🤖 AI Summary
Connected and autonomous vehicles (CAVs) face significant challenges in maintaining long-term autonomy, safety, and real-time responsiveness at traffic bottlenecks—such as roundabouts, merging zones, and intersections.
Method: This paper proposes a reactive control framework integrating reduced-order high-order control barrier functions (HOCBFs) with time-optimal motion primitives. Specifically, HOCBFs are systematically “lifted” to first-order forms, preserving rigorous safety guarantees while drastically reducing computational complexity; motion primitives enable lightweight, real-time trajectory generation.
Contribution/Results: Simulation results demonstrate that the method satisfies all safety constraints across diverse bottleneck scenarios, achieving throughput and energy efficiency comparable to full optimization-based benchmarks.
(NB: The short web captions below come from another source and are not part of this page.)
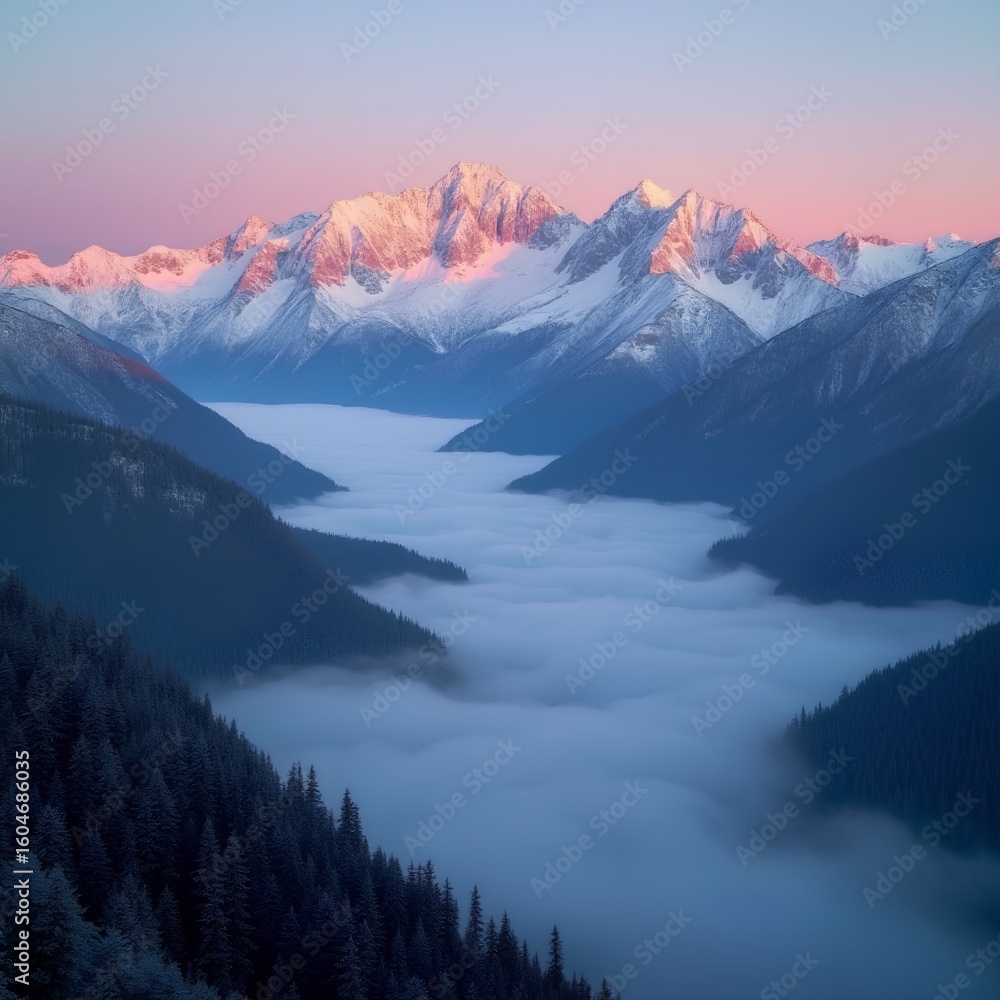 Fototapeta premium A breathtaking landscape photograph capturing the first light of dawn.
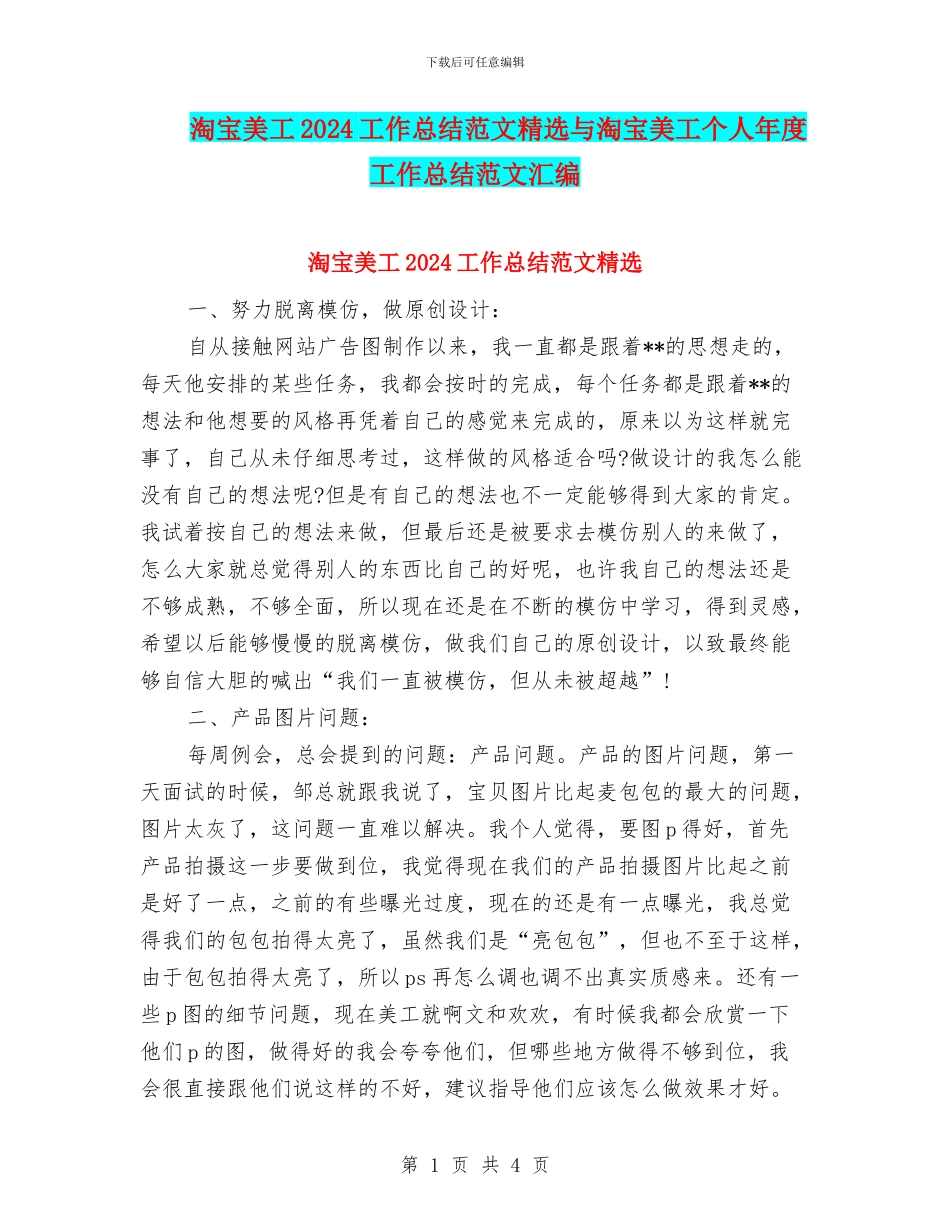 淘宝美工2024工作总结范文精选与淘宝美工个人年度工作总结范文汇编_第1页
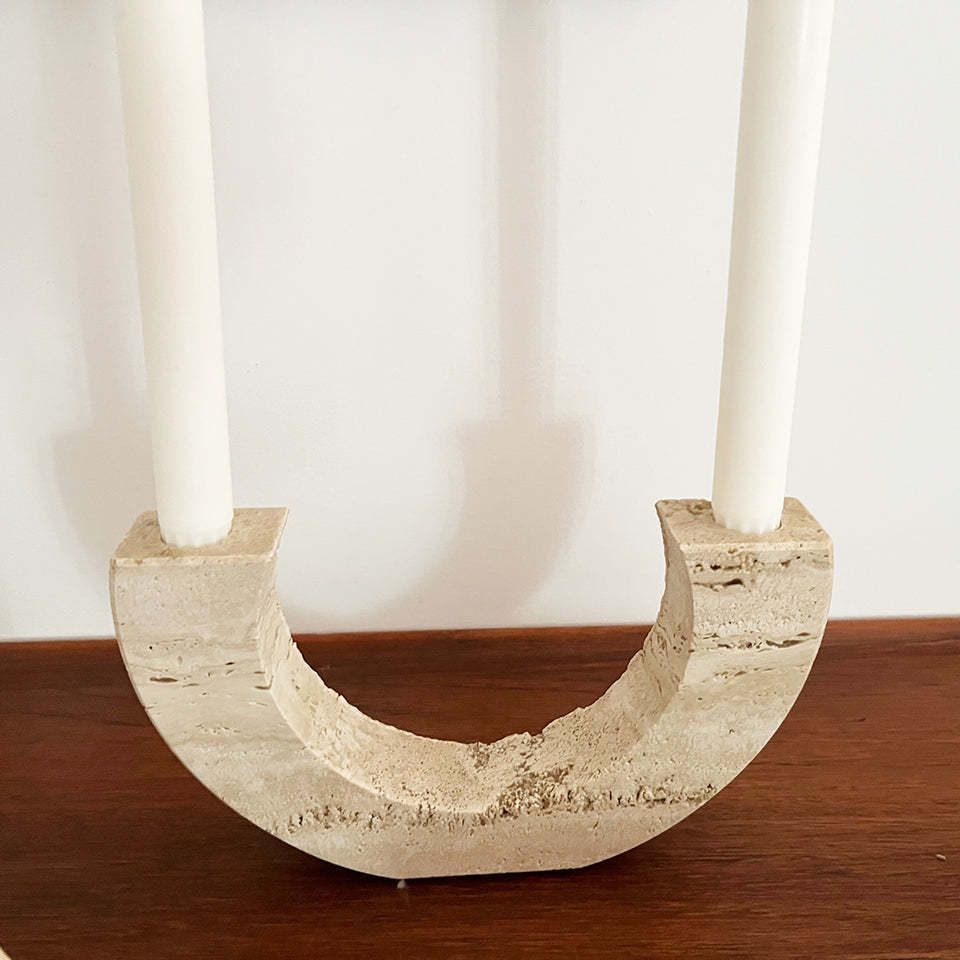 Triptych Candelabra, Lighter, Chest In Travertine F.Lli. Manelli 1970  Art photo 989.96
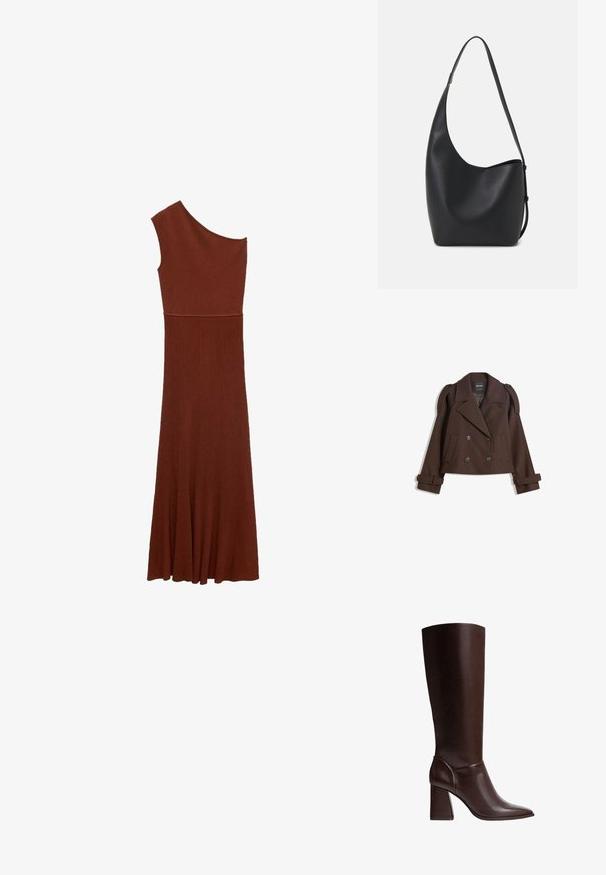 Ruskearvoinen kaksirivinen villasekoitekavit, jossa on olkalaput, suuret kaulukset, kaksi etutaskua ja käärityt hihansuut. Merkattu sisätunnus.; Vaaleanruskea epäsymmetrinen ribbimekko, jossa on yksi olkaimen malli; vartalonmyötäinen yläosa levenee leveäksi hameeksi. Sujuva pintakuvio koko matkalla.; Ruskotoinen nahkainen polvipituinen saapas, jossa on terävä kärki ja tukeva korko, ja jossa on sileä pinta sekä tyylikäs muotoilu. Nilkassa on koristeellista ompelua.; Musta nahkainen hobo-laukku, jossa on sileä pinta, kaareva muoto ja yksi säädettävä olkahihna; sisäänkäynti on leveä ylhäältä.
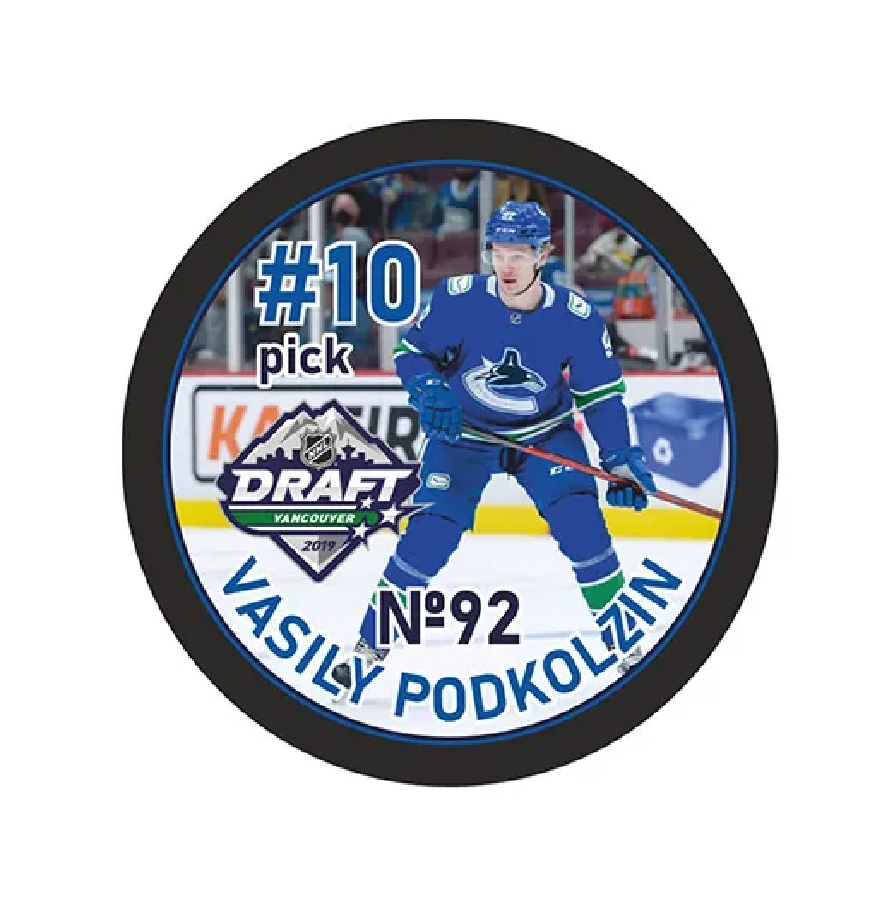 Шайба Игрок НХЛ PODKOLZIN Ванкувер Pick #10 DRAFT 2019 1-ст.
Crucially, online computational overhead is reduced by over an order of magnitude, enabling robust, long-duration CAV operation in complex, safety-critical infrastructure.
📝 Abstract
In this article, we present a long-duration autonomy approach for the control of connected and automated vehicles (CAVs) operating in a transportation network. In particular, we focus on the performance of CAVs at traffic bottlenecks, including roundabouts, merging roadways, and intersections. We take a principled approach based on optimal control, and derive a reactive controller with guarantees on safety, performance, and energy efficiency. We guarantee safety through high order control barrier functions (HOCBFs), which we ``lift'' to first order CBFs using time-optimal motion primitives. We demonstrate the performance of our approach in simulation and compare it to an optimal control-based approach.